Ethiopia's government has been giving special emphasis to its textile industry as it aims to export more than a billion dollars worth of apparel by 2016. From the economic development point of view, Ethiopian economy has just kept growing - since 2007 at times with double-digit leaps and bounds. The Economist has projected that the country will experience annual growth of 7 to 8 percent through 2016.
Many producers, in the past, have relocated production to countries that offered cheap labor, like Bangladesh or China. But in such countries, social standards have risen along with wages - while the world seems to be examining production conditions increasingly critically. So producers have started considering new options for cheap labor.
On the African continent, Morocco and Tunisia are known as clothing production countries, mostly for discount apparel. Other African countries, like Ghana or Kenya, don't play much of a role in the fashion industry, according to GermanFashion, a German industry association.
Ethiopia offers a number of advantages. Says a procurement and technical consultant with the association, "On the one hand are the lower costs - much lower than in China - with 80 million people living there and the other, it's near the sea - and quick to get to Europe via the Suez Canal”.

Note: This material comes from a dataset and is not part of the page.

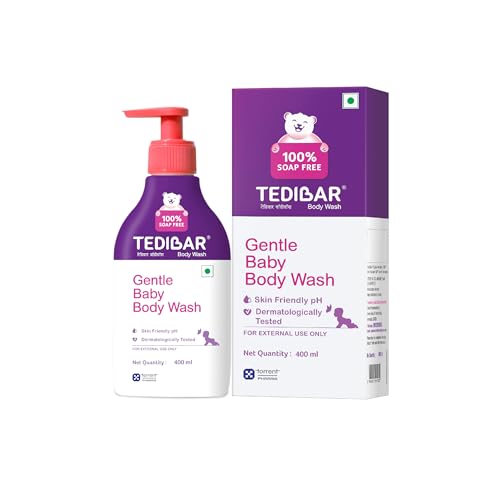 Tedibar Rich Moisturising Baby Body Wash 400ml with Skin Friendly PH | 100% Soap & Alkali Free | Prevents Dryness & Rahses | Dermatologically Test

This could shorten delivery time by a third compared with coming from the Far East. In addition, Ethiopia's climate and that of neighboring countries is well-suited for the cultivation of cotton. As long as the cotton was of high enough quality, clothing producers could save on expensive import by using local materials.

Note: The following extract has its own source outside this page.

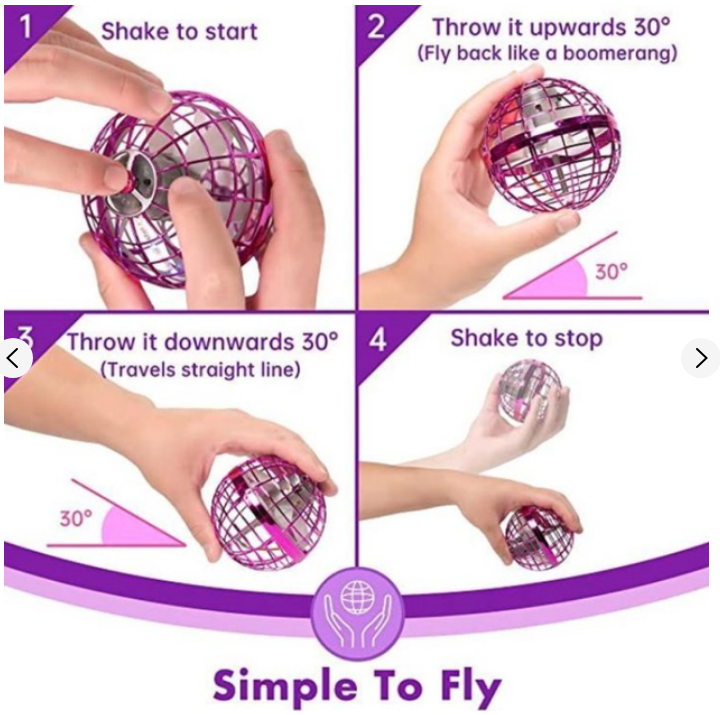 Летающий шар-спиннер Flynova pro 368FN(Pink) со светом Винница - изображение 6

Ethiopia is no new to textile industry. In 1939, the first factories were established during Fascist Italy's occupation of the country. During the Cold War, foreign communists collaborated with Ethiopia's then communist government in the textile sector. Some of those plants are still in service.
However, the country's production is far too small relative to global production. Of the US$17.4 billion made each year from clothing imports to Germany, Ethiopia produces just a fraction of a percent. The value of Ethiopian textile imports to Germany in 2012 was just US$29.4 million.
The other challenge that Ethiopia faces is poor infrastructure. Roads are bad and only 15 percent of the population has electricity.